Cette visite de soutien à Apouh clôture un atelier d’échange d’apprentissage et de solidarité qui s’est déroulé du 03 au 09 Aout 2025 à Kribi. Organisé par GDA en collaboration avec Women and Mining (Womin), cette rencontre a permis d’outiller les femmes leaders de communautés dans la défense de leurs droits face à l’impact souvent dramatique des projets de développement. « Nous sommes solidaires des femmes d’Apouh. Parce que nous avons été victimes du barrage hydroélectrique de Natchigal. On a eu plus de chance. On a bénéficié très tôt du soutien de GDA et Womin. Maintenant la femme Batchenga peut dire oui à ce qui lui revient de droit ou non à ce qui ne l’intéresse pas », confie Agnès Sylvie Ndzié, habitante de Batchenga.

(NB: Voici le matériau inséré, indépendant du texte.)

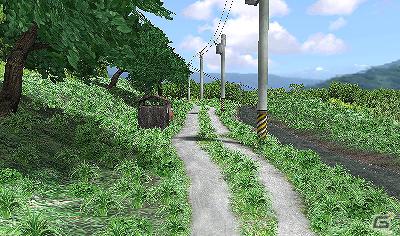 3DS「こびとづかん こびと観察セット」6月1日より「いつの間にテレビ」でTVCMを先行配信の画像6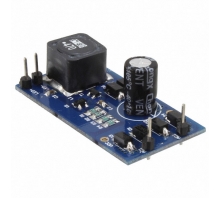 IS31LT3354-STLS2-EBDCDC Image.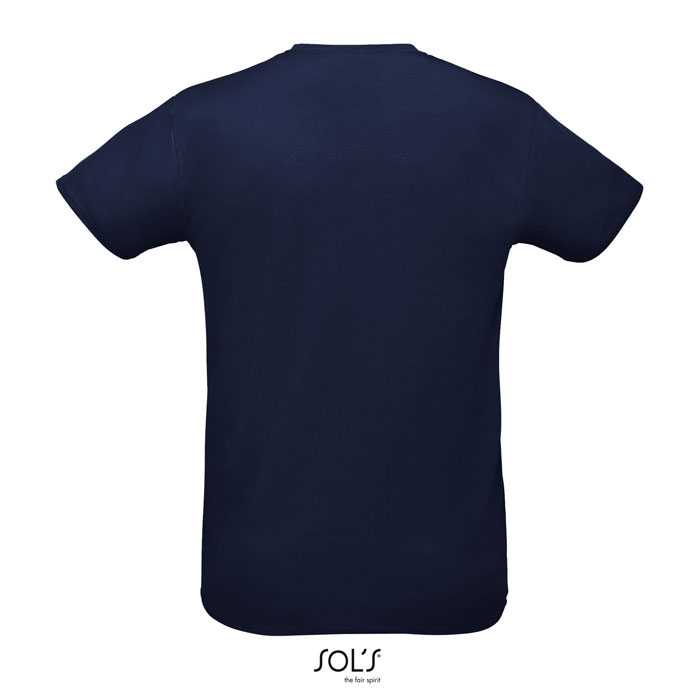 s02995-fn-back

« Je suis venue dire à mes sœurs d’Apouh qu’elles ne dorment pas. Qu’elles réclament leurs droits. En ce qui me concerne, je ne suis plus frustrée. Même si on m’envoie devant le président de la République, je suis capable de m’exprimer ; de lui présenter nos problèmes ; de revendiquer mes droits », poursuit-elle. « Nous devons continuer la lutte pour atteindre nos objectifs. Les problèmes sont sérieux, douloureux. Ça ampute quelque chose à notre existence, à notre histoire. Nous savons que nous n’allons pas forcément jouir des fruits de ce combat. Mais il faut continuer pour les générations à venir », renchérit Doline Gbalou de la Côte d’Ivoire.